• [PROBLEM TO SOLVE] Write out each record exactly and skip every image.

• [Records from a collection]
--- START ---

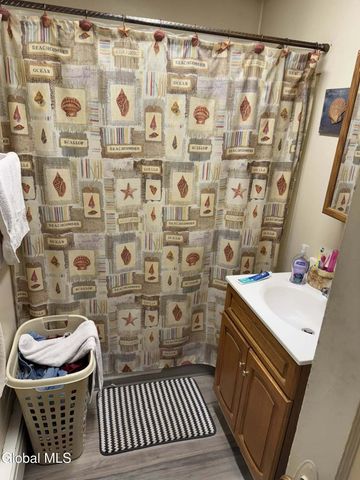 382 3rd Avenue, Troy, NY 12182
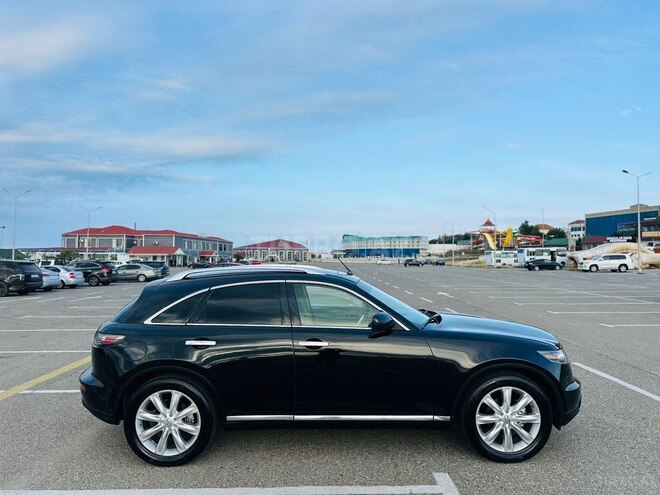 Infiniti FX35-6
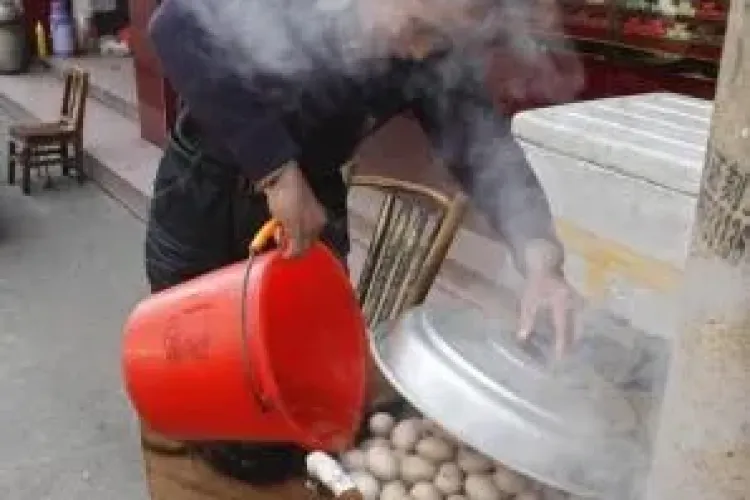 Chinezii mananca oua fierte in urina baieteilor mai mici de 10 ani FOTO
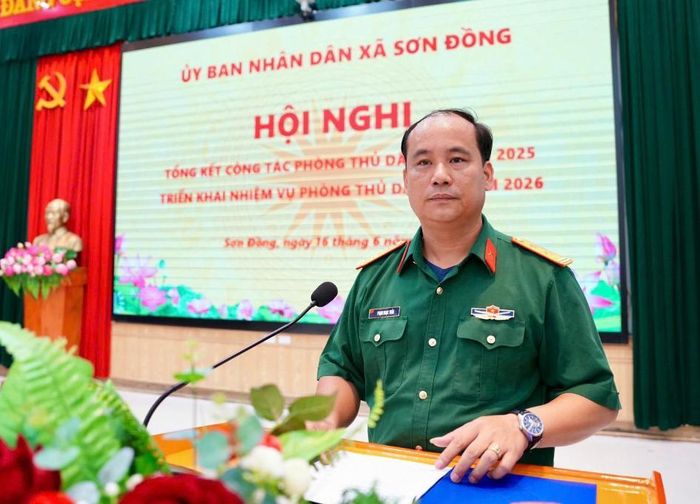Trung tá Phạm Ngọc Tuấn, Phó Chỉ huy trưởng Ban Chỉ huy Quân sự xã Sơn Đồng báo cáo tại hội nghị. Ảnh: NS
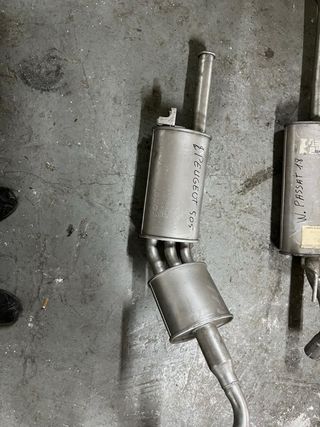 Tramos de escape de vehículos clásicos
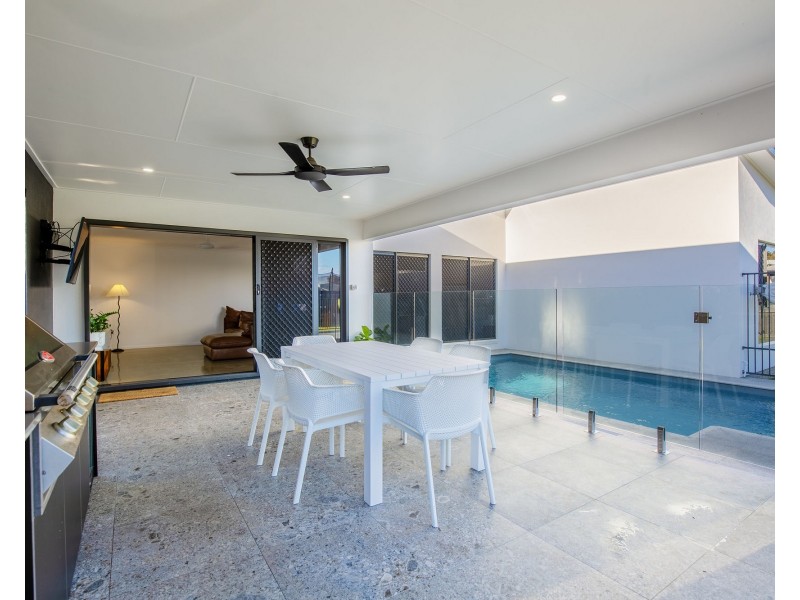 1 Rosalind Vista, Richmond QLD 4740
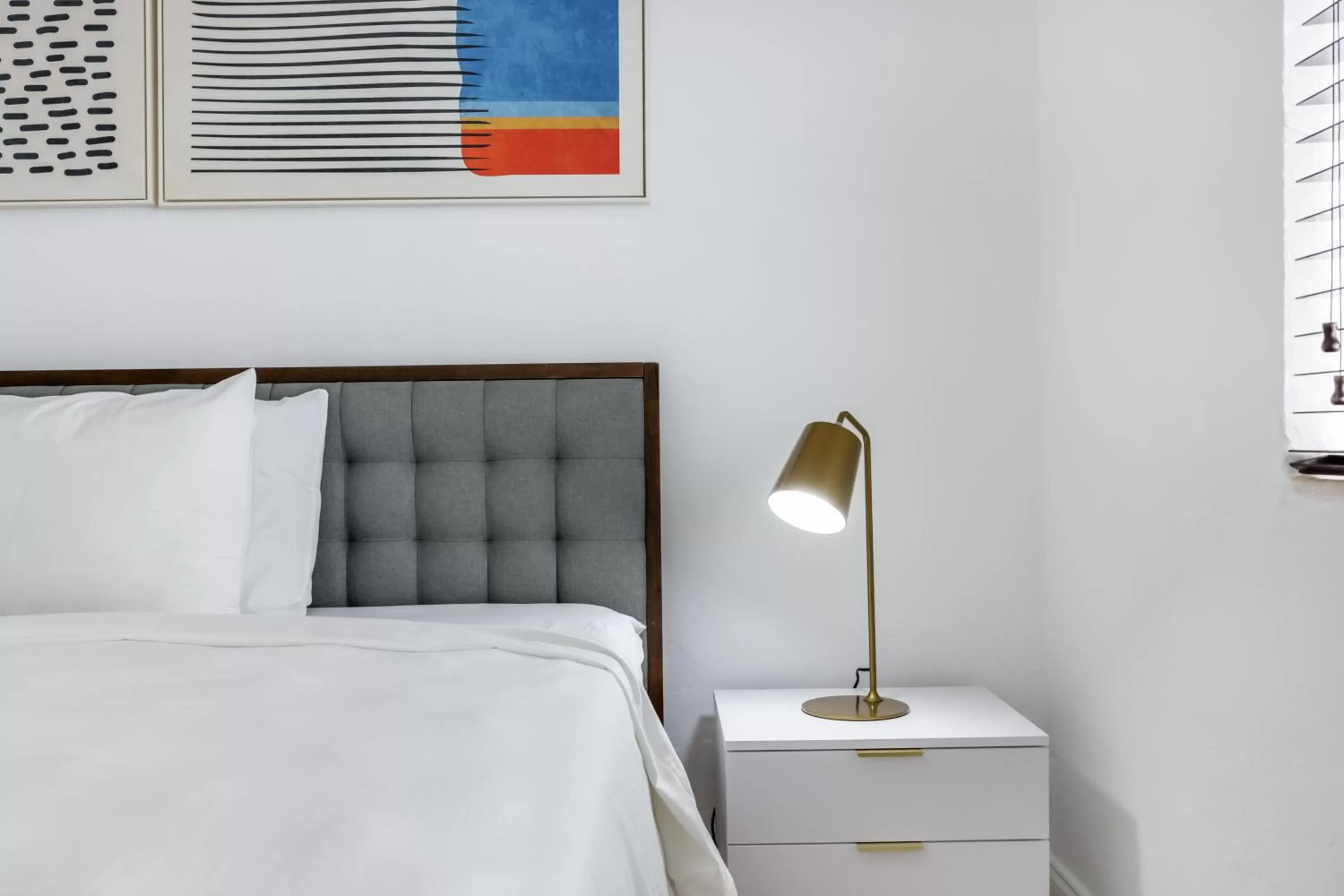 Bed in Starlite Hotel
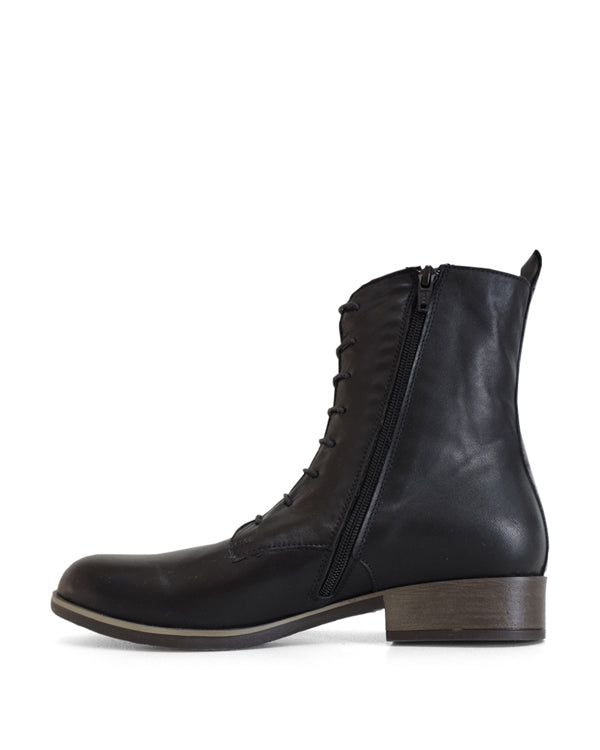 BUENO TYSON ANKLE BOOTS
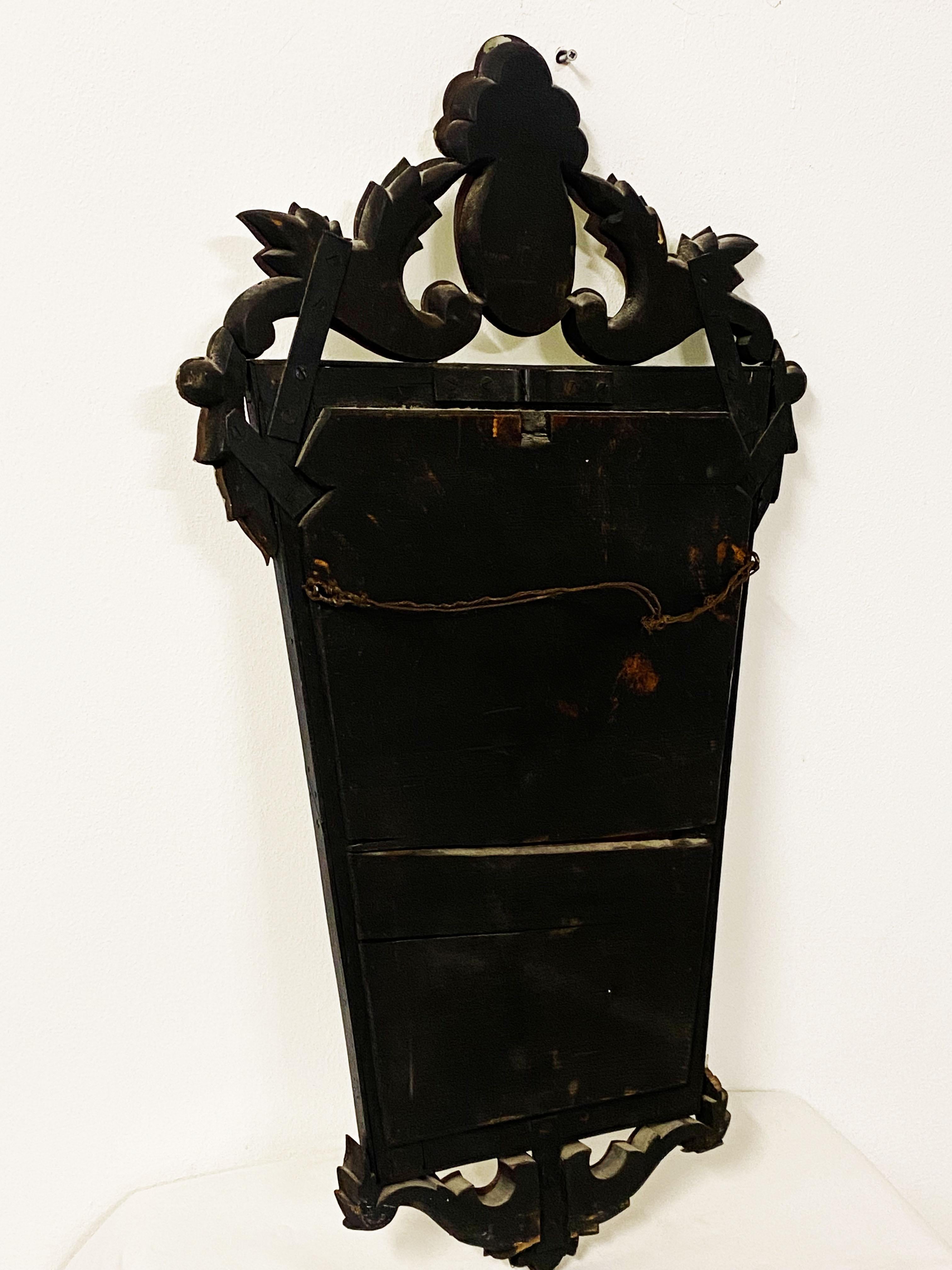 Miroir vénitien effilé avec tête de fleur décorative  en vente 9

--- END ---

• [ANSWER TO THE EXERCISE]
 382 3rd Avenue, Troy, NY 12182
 Infiniti FX35-6
 Chinezii mananca oua fierte in urina baieteilor mai mici de 10 ani FOTO
Trung tá Phạm Ngọc Tuấn, Phó Chỉ huy trưởng Ban Chỉ huy Quân sự xã Sơn Đồng báo cáo tại hội nghị. Ảnh: NS
 Tramos de escape de vehículos clásicos
 1 Rosalind Vista, Richmond QLD 4740
 Bed in Starlite Hotel
 BUENO TYSON ANKLE BOOTS
 Miroir vénitien effilé avec tête de fleur décorative  en vente 9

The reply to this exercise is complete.